Give the records again word for word. Leave every picture out.
(Input data begins)
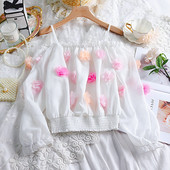 Alkalmi női blúz fehér és rózsaszín 3D elemekkel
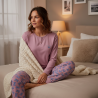 OZABI Ensemble Pyjama Femme Coton Doublé Polaire, Broderie Fil Lurex, Pantalon Imprimé Taille Élastiquée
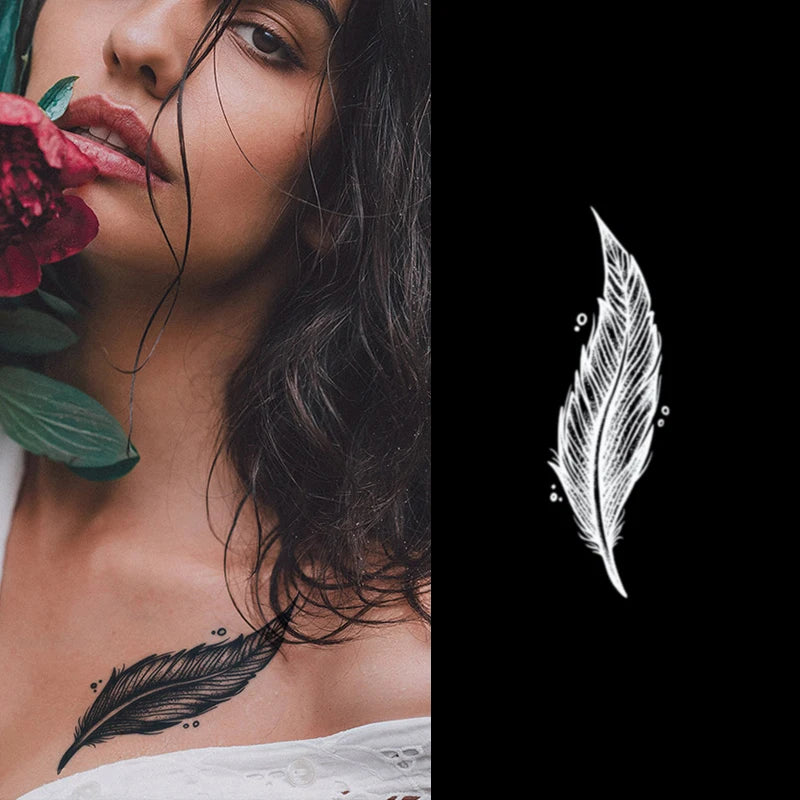 Abecome R174 Custom Temporary Plant-Based Fake Tattoo Sticker with Flower Design Black Bag Waterproof
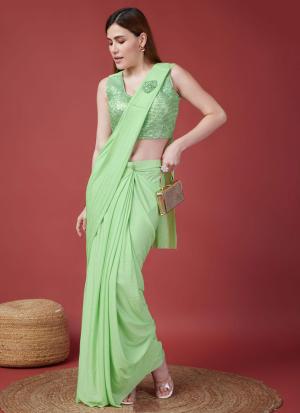 Elegant Sequin Work Ready-To-Wear Saree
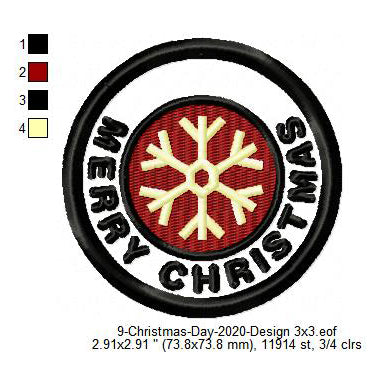 Merry Christmas Snow Merit Badge Machine Embroidery Digitized Design Files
(Input data ends)
Written response:
 Alkalmi női blúz fehér és rózsaszín 3D elemekkel
 OZABI Ensemble Pyjama Femme Coton Doublé Polaire, Broderie Fil Lurex, Pantalon Imprimé Taille Élastiquée
 Abecome R174 Custom Temporary Plant-Based Fake Tattoo Sticker with Flower Design Black Bag Waterproof
 Elegant Sequin Work Ready-To-Wear Saree
 Merry Christmas Snow Merit Badge Machine Embroidery Digitized Design Files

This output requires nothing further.